John Meredith Smith (July 24, 1933 – May 9, 2000), known professionally as John Meredith, was a Canadian abstract expressionist painter.
His trademark as a painter was rich, exciting colour which he combined with loosely figurative images of vertical stripes and forms or idiosyncratic calligraphy. He often used a small coloured ink drawing divided into squares as a template from which to develop his large canvases. In 1966, he began using details from still-wet drawings he had smudged – a way of working he regarded as his invention.

== Biography ==
Meredith was born in Fergus, Ontario, but while still a young child, his family moved to Brampton, Ontario. Like his older brother (artist William Ronald), he attended the Ontario College of Art (1950–1953), studying with Jock Macdonald, and became interested in abstract art. After he graduated, he worked for the local newspaper, (the Brampton Conservator), as a cartoonist. In 1958, while still making his home in Brampton, he held the first solo show of his work at Toronto's Gallery of Contemporary Art. His work at this time includes sombre canvases of the late 1950s and 1960 with dark colours, sometimes interspersed with red and purple, as well as loosely figurative images of vertical stripes and forms.
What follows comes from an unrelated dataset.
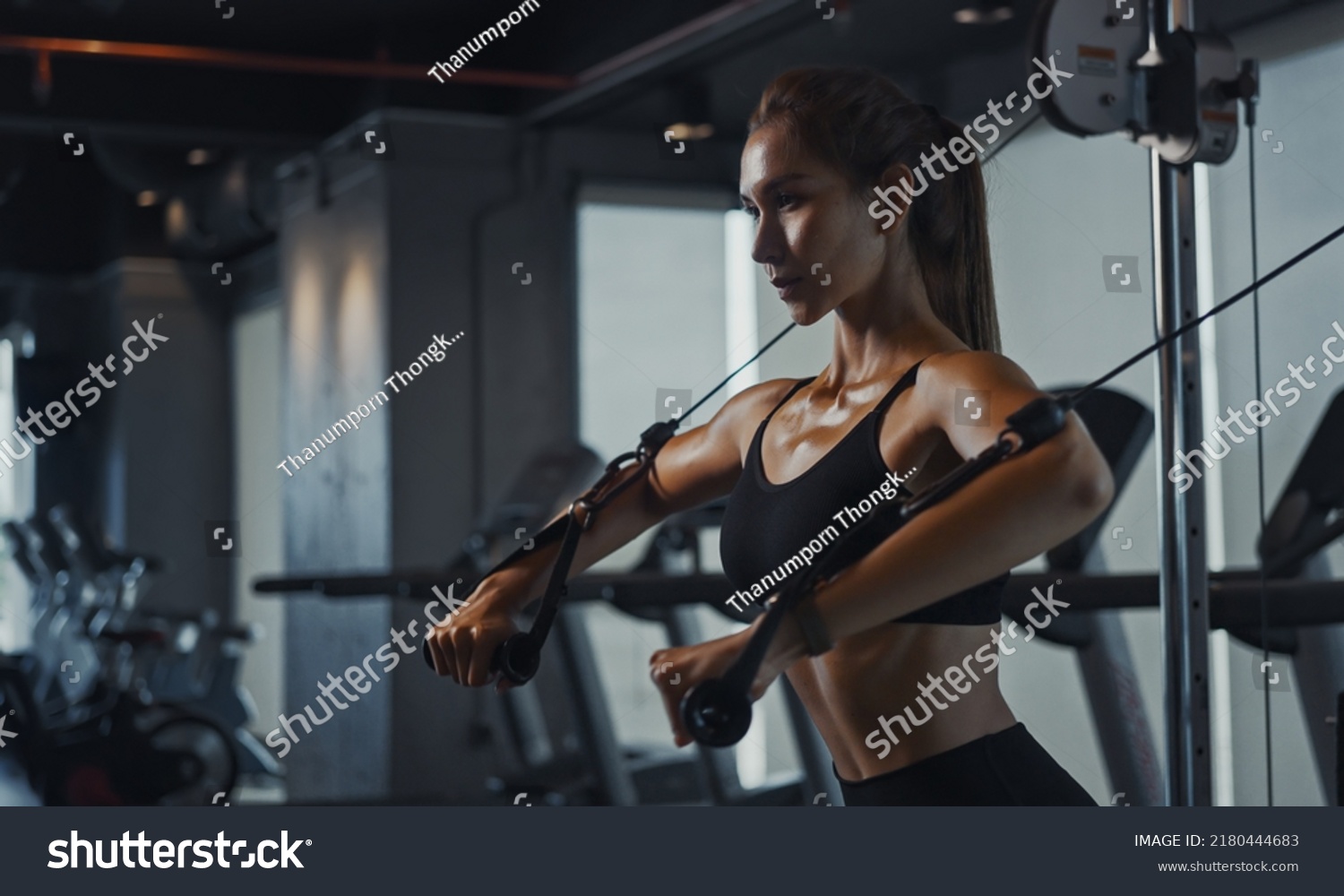 Sporty woman exercising on multistation at gym for arm and shoulders muscles. Fitness exercising in gym. #2180444683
Meredith held his second solo show in 1961 at Toronto's Isaacs Gallery. The exhibition was favorably reviewed in the Toronto Star and he joined the Isaacs Gallery in 1962. In 1963, he moved to Toronto and continued to paint and hold solo shows. In 1963, he showed at the Isaacs Gallery and in 1965, at the Blue Barn Gallery and then at the Isaacs Gallery again (1967, 1969). In these years, he developed brightly coloured dynamic canvases. Seeker, a triptych, in the collection of the Art Gallery of Ontario, is possibly his most major work. He developed from a study of coloured inks on paper which is also in the gallery collection. Meredith painted it with his parents in mind, thinking of them as spiritual beings, and it took him four months to paint.

There were more changes to come. Over a period of years, Meredith recalled the calligraphy of Oriental art, his symbolic imagery changed into abstract imagery, and he used colour to explore space, enriching his palette to include pinks, purples and greens, then staining his canvas in the manner of other artists of the period.

In these years too, he was given major recognition for his work and included in many group shows, both in Canada and abroad. Moreover, in 1986, in his home town of Brampton, the Peel Art Gallery, Museum and Archives held a 30-year survey of his work. By the end of the 1990s, the work of Meredith, often painted with Expressionist brio, offered the public a more dramatic vision of the artist, but in reinstating colour and using the palette knife in his work, Meredith reflected more overtly than ever before the rich allocations of pigment to canvas so characteristic of Ronald and especially apparent in Ronald's late works with their thick layers of dripped and splashed paint. But Ronald was ill (he died in 1998) and Meredith may have felt that a tribute was in order.

Meredith died of pneumonia on September 9, 2000, in Toronto.

== Selected public collections ==
- Agnes Etherington Art Centre, Kingston
- Art Gallery of Ontario, Toronto
- Art Windsor-Essex
- The Canada Council Collection
- MacKenzie Art Gallery, Regina
- Montreal Museum of Fine Arts
- National Gallery of Canada, Ottawa
- The Robert McLaughlin Gallery, Oshawa
- Vancouver Art Gallery
- Museum London, London, Ontario

==Awards==
- 1971 Victor Martyn Lynch-Staunton Award from the Canada Council.